Trump's 2020 NASA Budget Would Cancel Space Telescope, Earth Science Missions (Again)

Artist's impression of NASA's Wide Field Infrared Survey Telescope (WFIRST).
Artist's impression of NASA's Wide Field Infrared Survey Telescope (WFIRST).
(Image: © NASA/GSFC/Conceptual Image Lab)

The Trump administration's federal budget request for 2020 proposes the cancellation of three NASA science missions: the Wide-Field Infrared Survey Telescope (WFIRST) and two Earth science missions. 

This isn't the first time the Trump administration has tried to nix WFIRST, a $3.2 billion flagship-class astrophysics mission that has already had to grapple with budget cuts. In its fiscal year 2019 budget proposal, the Trump administration sought to end that mission along with five other Earth science missions — but the Senate voted to give WFIRST the funding it needed to stay on track for a launch in 2025. 

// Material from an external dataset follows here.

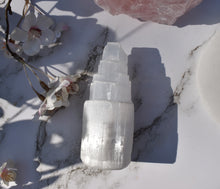 Load image into Gallery viewer, Selenite Crystal Tower | Large Natural &amp; Unique Reiki Charged Crystal Piece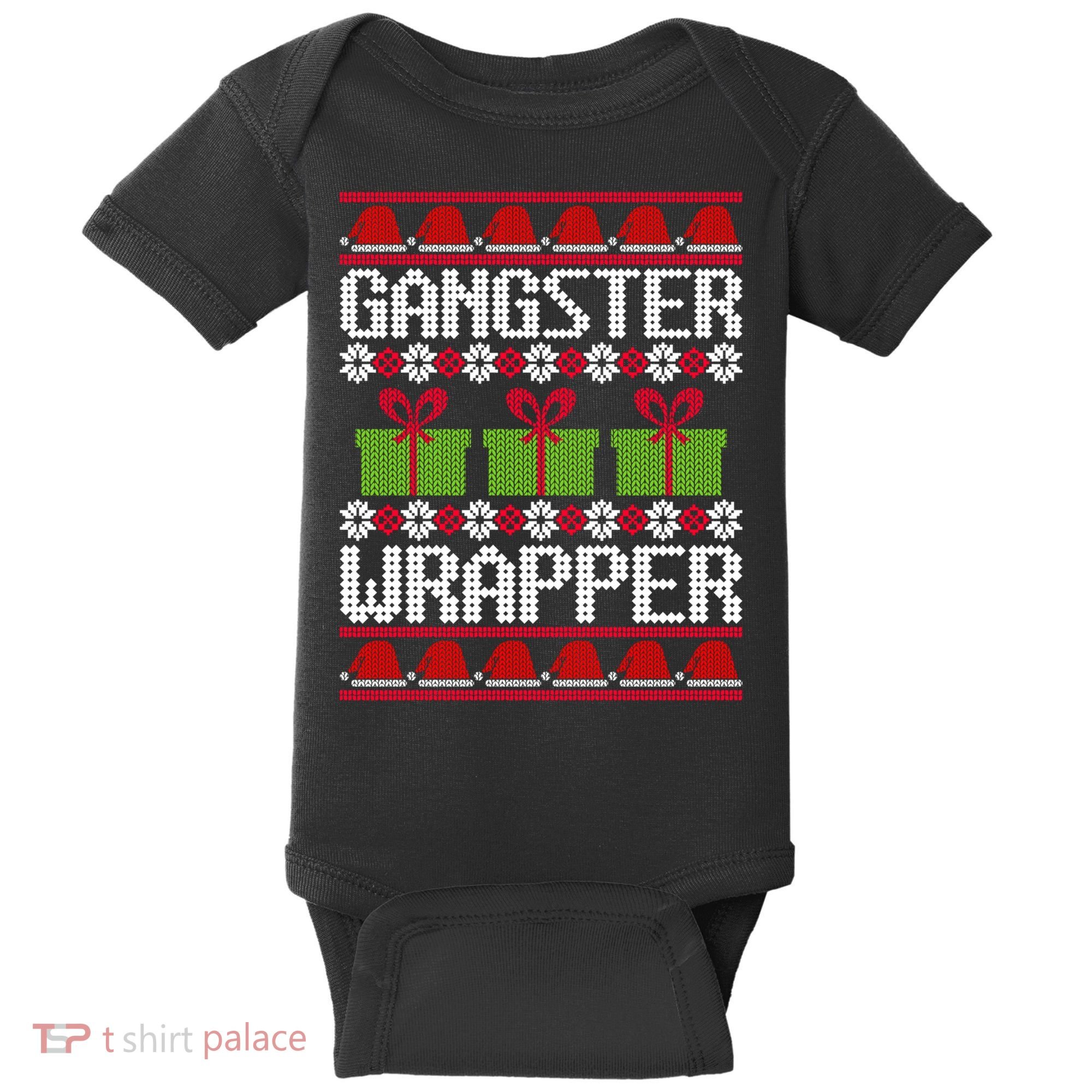 Gangster Wrapper Ugly Christmas Funny Pun Gangsta Baby Bodysuit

According to NASA's summary of the budget request, the Trump administration is proposing "to terminate the WFIRST mission and instead focus on completing the delayed James Webb Space Telescope," another flagship-class project that is over budget and behind schedule. 

Related: NASA Weighs Delaying WFIRST to Fund JWST Overrun 

Now the administration seeks to cut funding for the Plankton, Aerosol, Cloud, ocean Ecosystem (PACE) mission and the Climate Absolute Radiance and Refractivity Observatory (CLARREO) Pathfinder instrument that NASA planned to send to the International Space Station. 

PACE and CLARREO were two of the five Earth science missions that also escaped the chopping block last year. Congress voted to fund them after President Trump's 2019 budget request suggested NASA terminate them. Both were top-tier recommendations from the National Research Council's 2007 Earth Science decadal survey

On the other hand, the administration is now proposing to restore funding to two other Earth science missions that it tried to axe last year: The Deep Space Climate Observatory (DSCOVR), a satellite that monitors climate and space weather; and the Orbiting Carbon Observatory 3 (OCO-3), an instrument that would study the distribution of carbon dioxide on Earth while mounted outside of the International Space Station. 

With the agency's renewed focus on sending astronauts back to the moon and ultimately to Mars, the new budget request includes $10.7 billion for NASA's "exploration campaign," which includes funding for the Space Launch System megarocket, a lunar space station and technologies needed to build a human outpost on the lunar surface.